Tesla has pushed delivery wait times for several trim levels of the Model Y and Model X back to 2023 as demand for the automaker’s vehicles continues to exceed the company’s production capabilities.
In 2021 and 2022, Tesla saw demand for its cars reach extraordinary levels as it continues to work on expanding its production capacity. With plans for Gigafactory Texas to open soon and extremely preliminary ideas for a potential expansion of the Fremont Factory in Northern California, Tesla has pushed several configurations of its vehicles’ expected delivery dates past 2022 and into 2023.
First noticed by Twitter users on Thursday, Tesla’s Model Y has its Long Range and Long Range with Induction Wheels configurations of the all-electric crossover with projected delivery dates of January 2023 to April 2023, and October 2022 to January 2023, respectively. The Model Y Performance still has a delivery time in 2022, with the range expected to be within June and July.

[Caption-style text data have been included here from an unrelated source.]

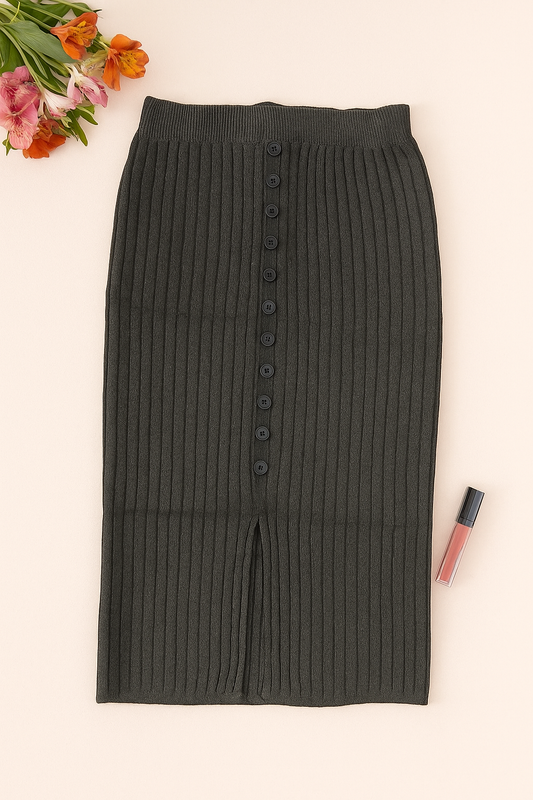 Ribbed Knit Skirt with Front Buttons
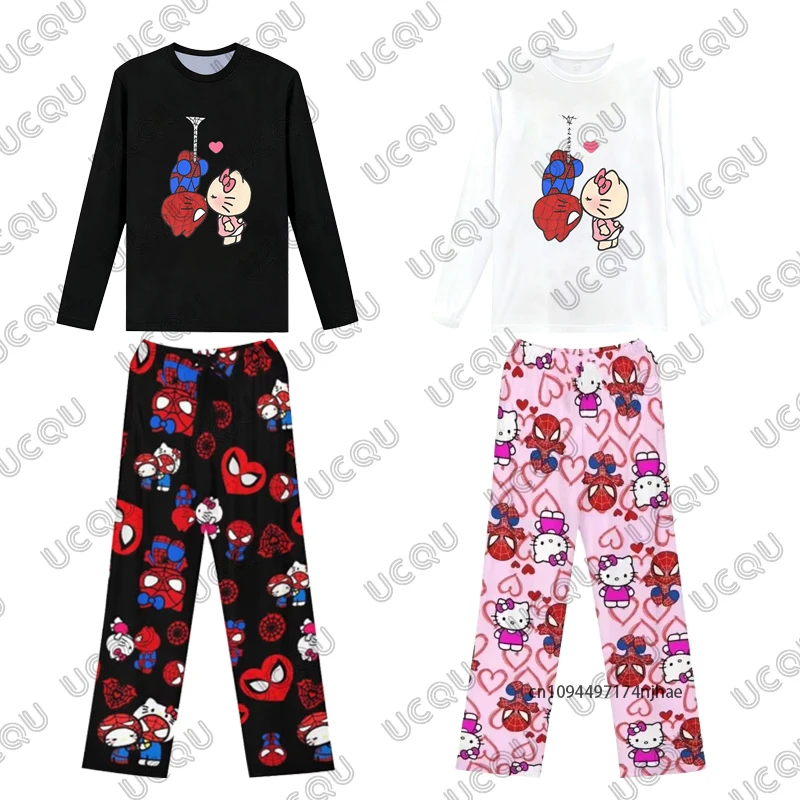 

2026 Men’s Tracksuit Spider-Man & Hello Kitty Print Long Sleeve T-shirt+Pajamas Pants Sets Couples Casual Suit 2 Piece Outfits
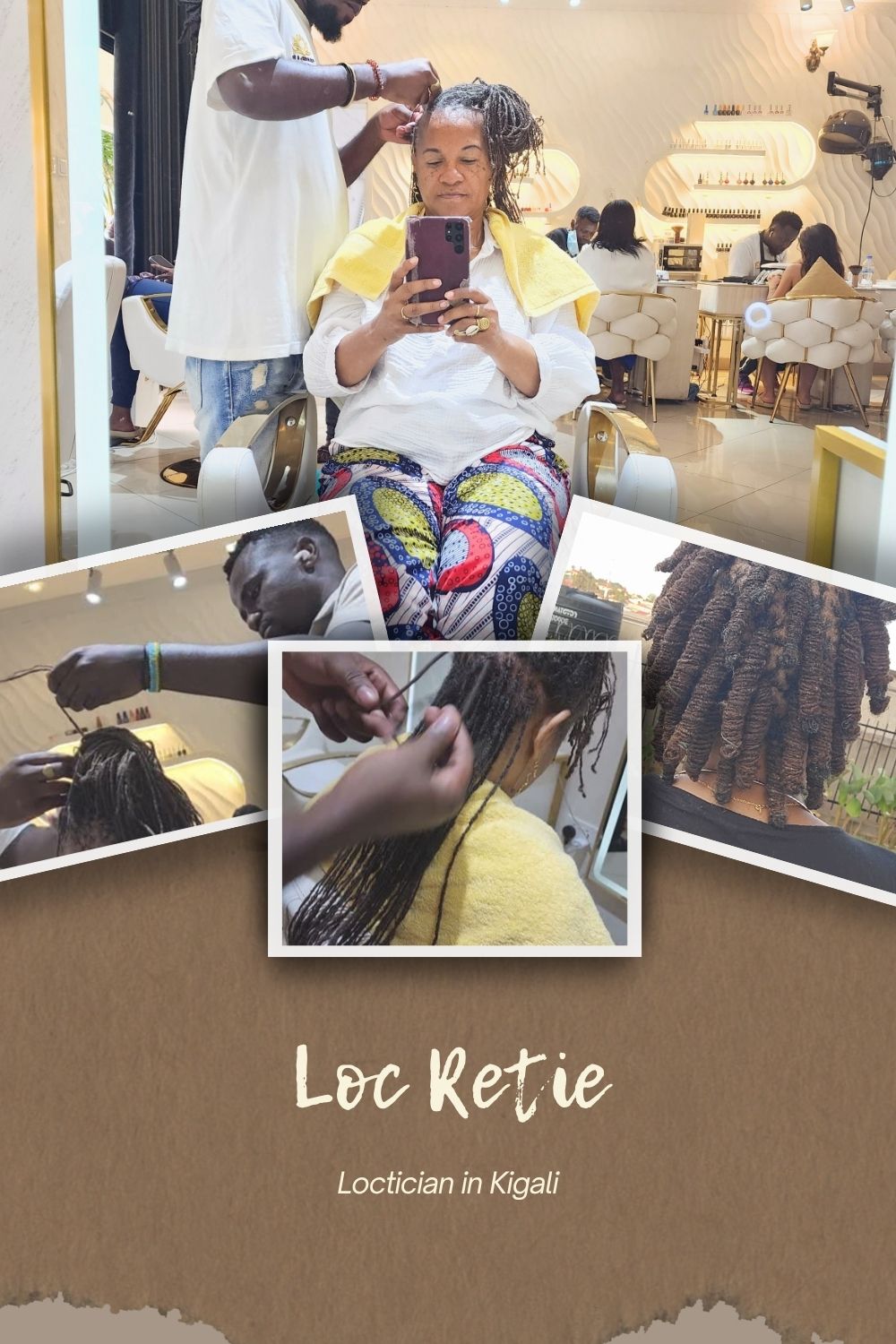 Collage of a person getting their Micro Locs retied at a Loctician in Kigali, Rwanda
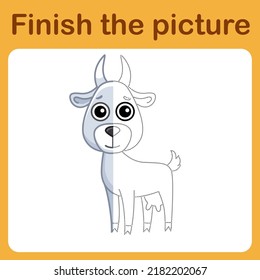 Connect the dot   complete the picture goat  Simple coloring for children  Drawing game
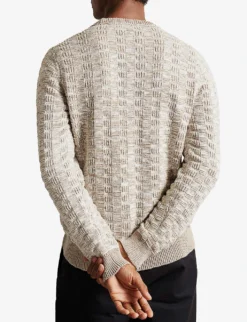 Ted Baker Kriskro Textured-knit Cotton Jumper -Falkeis Store R04122382 WHITE ALT03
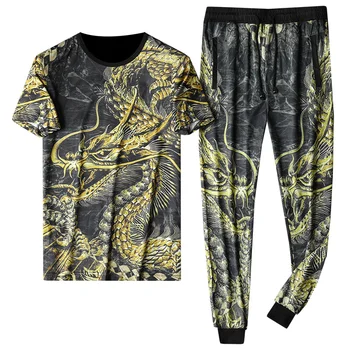 

Men Sets 2020 Summer 2pc Tracksuit T Shirt + Pants Mens Sportswears Beach Tee Shirts Male Chinese Style Print Sweat Suit Set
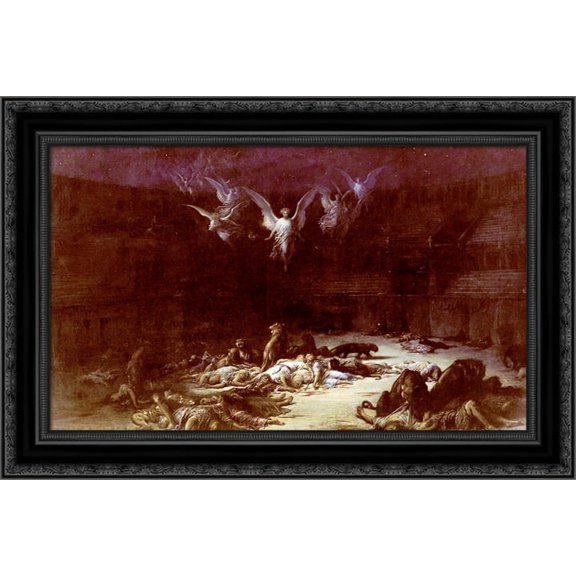 The Christian Martyrs 24x18 Black Ornate Wood Framed Canvas Art by Dore, Gustave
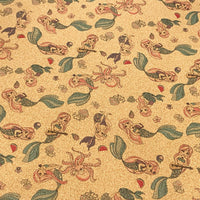 HKM-096787 Cute Mermaid Pattern Cork Fabric with Floral Background for Accessories and Apparel
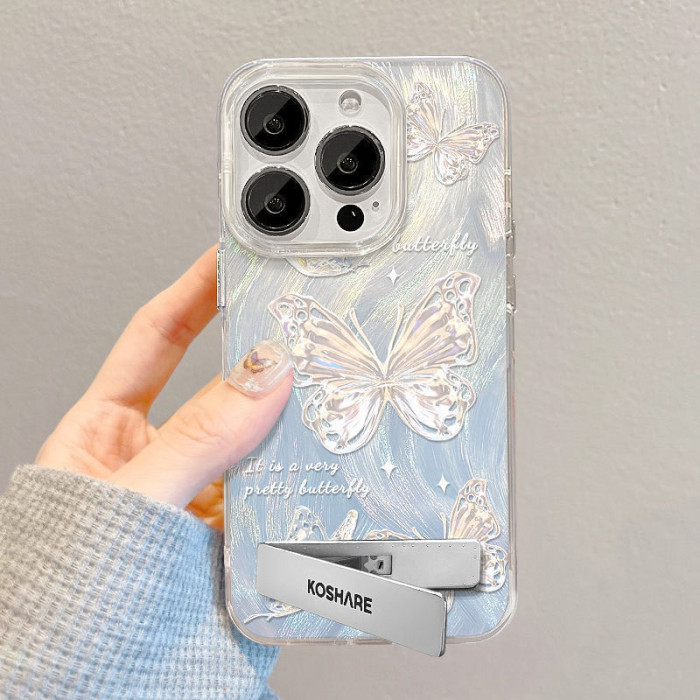 For iPhone 17 Air 17 Pro Max 16 15 14 13 12 11 XR 7 Phone Case Bracket Butterfly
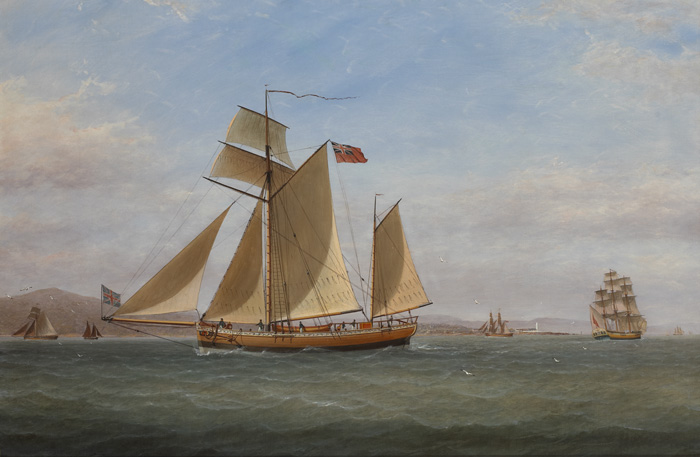TOPSAIL KETCH ON THE CLYDE SAILING PAST THE CLOCH LIGHTHOUSE, SCOTLAND, 1865 by William Clarke sold for �2,700 at Whyte's Auctions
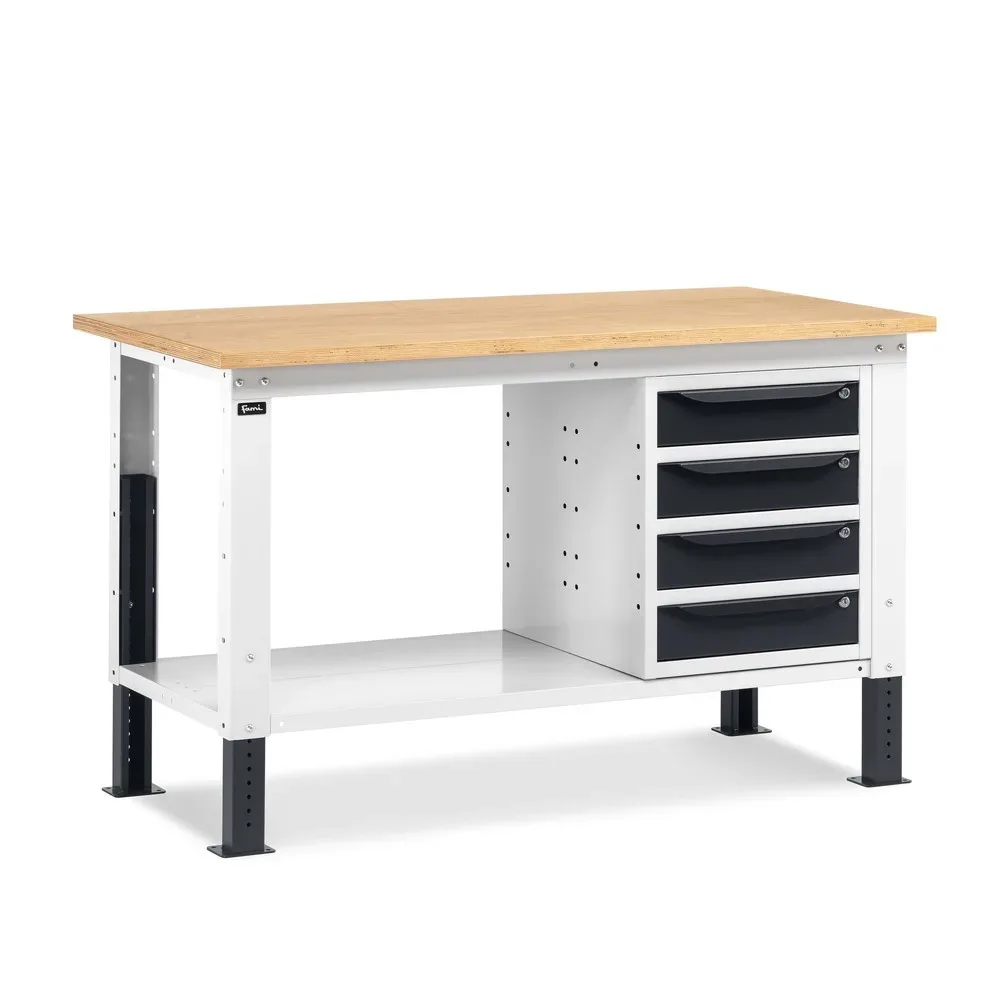 Fami Werkbank, höhenverstellbar u. 4 Schubladen, TK 1.000 kg, HxBxT 740-1.110 x 1.500 x 750 mm, RAL 7035 lichtgrau / RAL 7016 anthrazitgrau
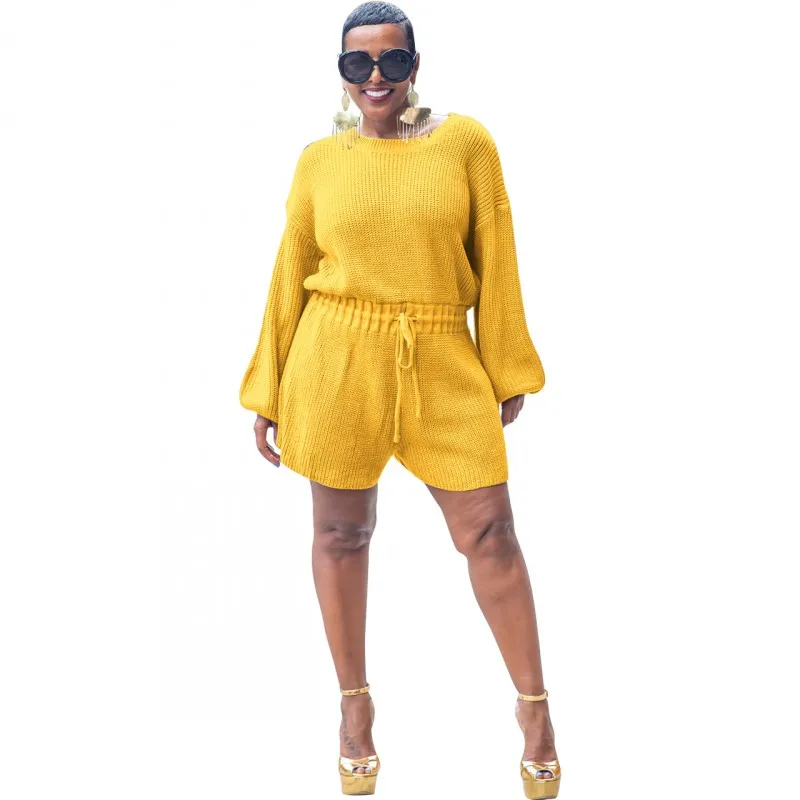 

Knitted Playsuit Women Jumpsuits O Neck Drawstring Straight Rompers Autumn New Solid Knitwear Sweater Casual Short Jumpsuit 2021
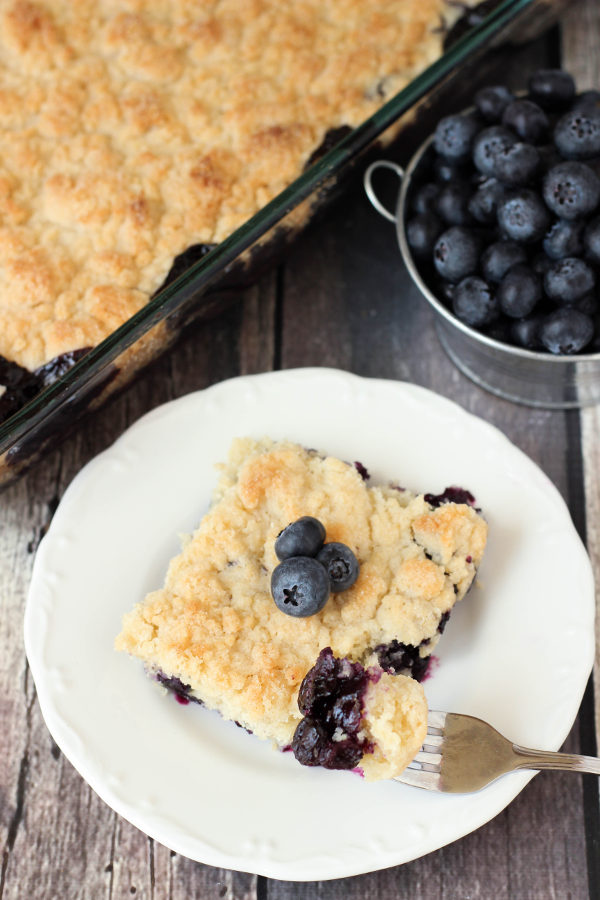 A white plate holds a big square of blueberry cobbler topped with a few fresh blueberries. In the background you see a cooked blueberry cobbler and a tin pail overflowing with blueberries!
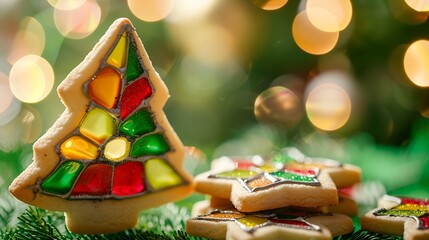 Christmas home made stained glass cookies on green background with bokeh lights selective focus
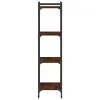  4 szintes barna tölgy színű szerelt fa könyvespolc 40x30x120 cm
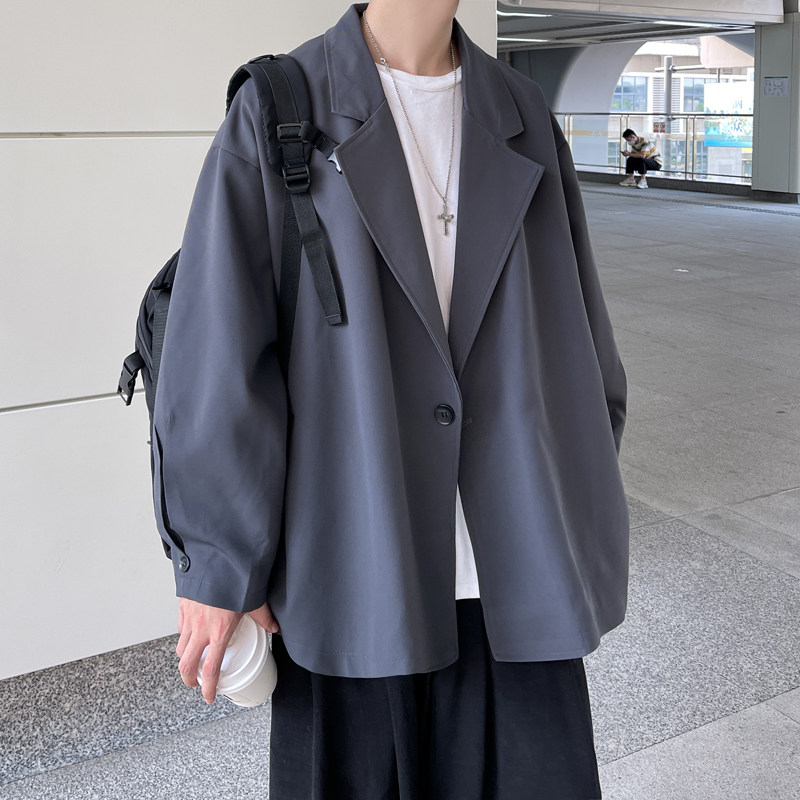 韩国宽松休闲小众黑oversize灰色西装春秋外套XZ404-2-XF06-p90,男装西服,星座409(原A307）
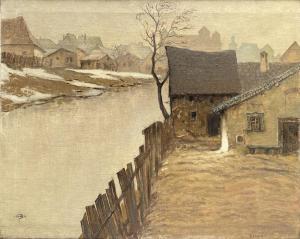 Valerianov DOBUZHINSKII Mstislaw 1875-1957,By the Nevèzis River,1933,MacDougall's GB 2023-06-21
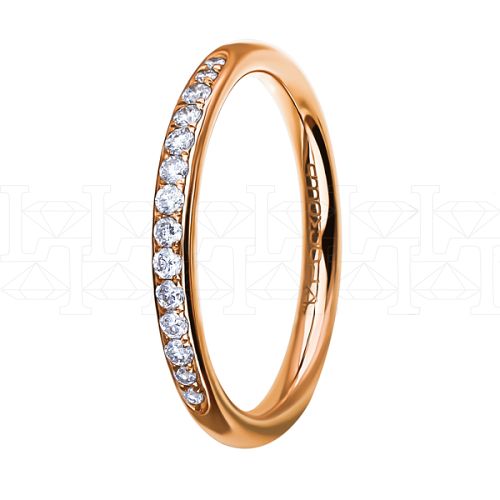 Фото - Кольцо из рыжего золота с бриллиантами из коллекции "Обручальные кольца с дорожкой" R8079-11167 (241)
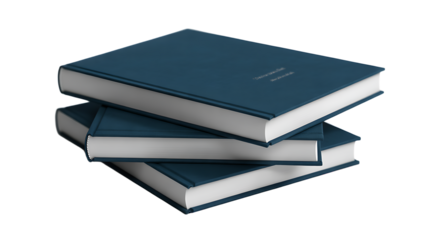 Stack of three blue hardcover books isolated PNG, knowledge and education concept for library or bookstore design on transparent background 
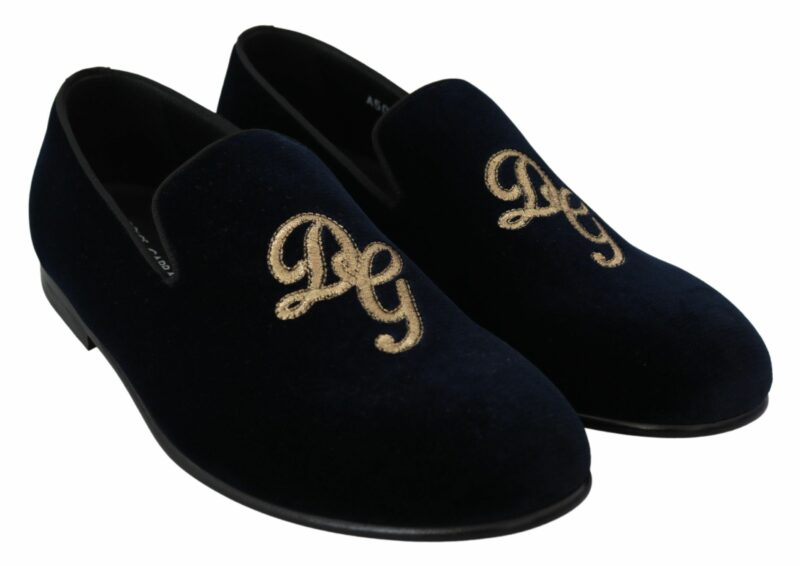 Dolce & Gabbana Elegant Blue Embroidered Loafers - Image 5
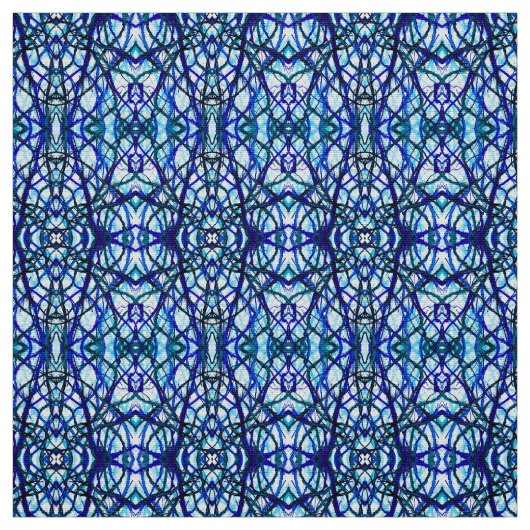 Icarus Blau Abstracte Alcohol Ink Kunst Stof (Swatch)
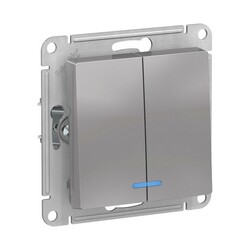 Выключатель с/у Atlasdesign ATN000353, 2 клавиши, с/инд, алюминий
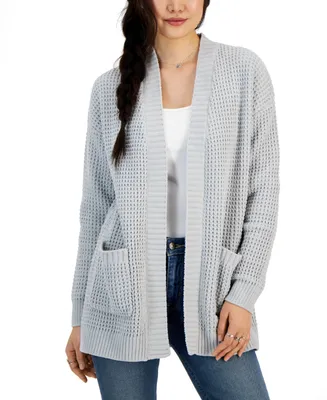 Hooked Up by Iot Juniors' Chenille Waffle-Stitch Cardigan Sweater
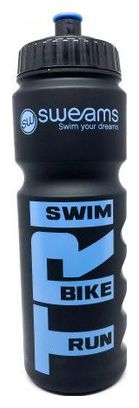 Bidon SWEAMS TRI Swim Bike Run - Black Matt BLUE - 750ml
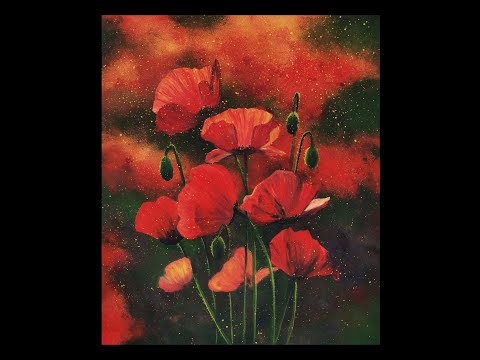 Видео: Мастер-класс по живописи. Цветы.Как нарисовать маки. Рисуем гуашью. (Короткая версия)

The Model X Long Range, the “Base” trim level of the SUV, is not expected to be fulfilled by Tesla until between December 2022 and March 2023. The Plaid powertrain still holds a 2022 delivery time of August to October, the online Design Studio says.
The Model 3 and Model S still have each vehicle trim level available for delivery in 2022. The Model S had pushed some configurations back to January earlier this week, but they have since been revised to have delivery in 2022. The Base trim of the Model 3 has an expected delivery date of June to August 2022, the Long Range with June to August 2022, and Performance with June to July 2022. The Model S Long Range is expected to be delivered from July to September 2022, with the Plaid holding a delivery of June or July 2022.
CEO Elon Musk has stated in the past that Tesla’s demand is not an issue, but production capacity is. When Hertz ordered 100,000 vehicles from Tesla last October, Musk said “Tesla has far more demand than production” when speaking of how the rental company would receive the vehicles, which now includes the Model Y.
Tesla also increased prices on all four of its vehicles recently due to “inflation pressure.” The increases recently disqualified the Model 3 and Model Y from a California Clean Air rebate program, while the Model X Plaid received the largest price increase of all: $12,500.
It is unknown if Tesla is factoring in the potential for Gigafactory Texas to ramp production in these estimates. While ramping a facility can take some time, Tesla is actively manufacturing some Model Y builds at the Texas facility, so the plant could be helping to reduce Tesla’s extended wait times sooner rather than later.